Vietnamese Sour Fish Soup (Canh Chua Ca) Recipe
Servings Prep Time
3people 20minutes
Cook Time
30minutes
Servings Prep Time
3people 20minutes
Cook Time
30minutes
Ingredients
Instructions
  1. Clean the Fish: Select 500g of fresh fish such as snakehead (ca loc), basa, or catfish. Remove scales, fins, and internal organs. Rinse the fish thoroughly under cold water. Use salt or lime juice to rub the fish, then rinse again to remove any lingering fishy smell. Cut the fish into medium-sized pieces and set aside. Prepare the Tamarind Paste: Dissolve 2-3 tablespoons of tamarind paste in 1/2 cup of warm water. Stir well and strain to remove seeds and fibers, keeping only the liquid. Slice the Vegetables: Cut 100g of pineapple into thin, bite-sized slices. Quarter 2 medium-sized tomatoes. Trim and slice 5-6 pods of okra into 1-2 inch pieces. Peel and cut 1 stalk of taro stem (bac ha) into 4-5 inch pieces. Rinse 100g of bean sprouts thoroughly and set aside. Prepare the Aromatics: Mince 2 tablespoons of shallots and garlic. Finely chop fresh herbs like culantro (ngo gai) and rice paddy herb (rau om) for garnish.
  2. Heat the Water: In a large pot, bring 1.5 liters of water to a gentle boil.
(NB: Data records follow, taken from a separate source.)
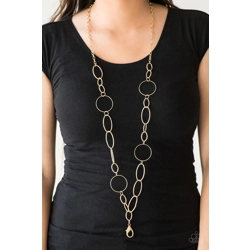 Perfect MISMATCH - Gold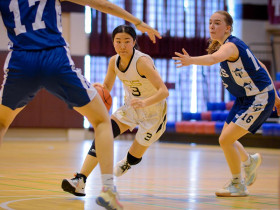 Taejon Christian International School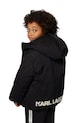 Karl Lagerfeld geacă reversibila pentru copii Z30638.162.174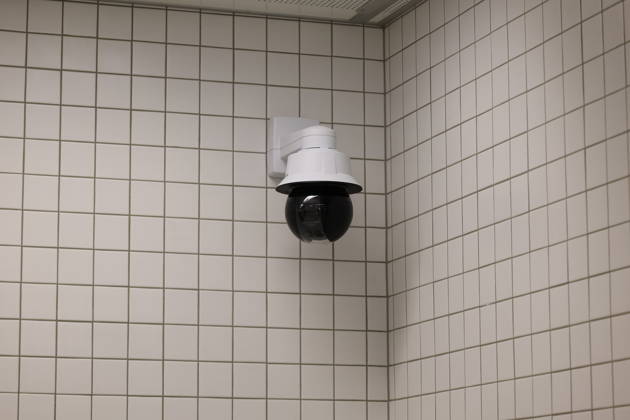 The Bautzen branch of the state-owned enterprise Sächsisches Immobilien und Baumanagement (SIB) today held a ceremony to mark the completion of the new prison kitchen at the Bautzen Correctional Facility. The previous prison kitc Copyright: xMatthiasxWehnertx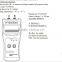 CR-A common rail diesel engine rail pressure tester (battery under-voltage alarm)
Add Tamarind Paste: Pour the strained tamarind liquid into the pot. Stir well to evenly distribute the sour flavor. Infuse the Broth with Vegetables: Add the pineapple slices and quartered tomatoes to the pot. Simmer for 5-7 minutes on medium heat, allowing the fruits to soften and release their natural sweetness and tartness.
  3. Add the Fish: Gently lower the prepared fish chunks into the simmering broth. Reduce the heat to medium-low to prevent the fish from breaking apart. Simmer Until Cooked: Cook the fish for 10-12 minutes, or until it is tender and fully cooked through. Avoid Over-Stirring: To maintain the integrity of the fish pieces, avoid stirring too much during this step.
  4. Cook the Okra and Taro Stem: Add the sliced okra and taro stem to the pot. Cook for 3-4 minutes until they are tender but still have a slight crunch. Add the Bean Sprouts: Gently mix in the bean sprouts and let them cook for 1-2 minutes.
  5. Add Seasonings: Stir in 2 tablespoons of fish sauce, 1 teaspoon of sugar, and a pinch of salt and pepper. Taste the soup and adjust the seasoning as needed to balance the tangy, sweet, and savory flavors. Enhance the Flavor: For extra richness, drizzle a teaspoon of garlic oil or fried shallots over the soup.
  6. Garnish: Turn off the heat and sprinkle the soup with freshly chopped culantro (ngo gai) and rice paddy herb (rau om). For a spicy kick, add thinly sliced red chili peppers. Serve: Ladle the soup into individual bowls. Serve hot with steamed rice or enjoy it on its own as a light, refreshing dish.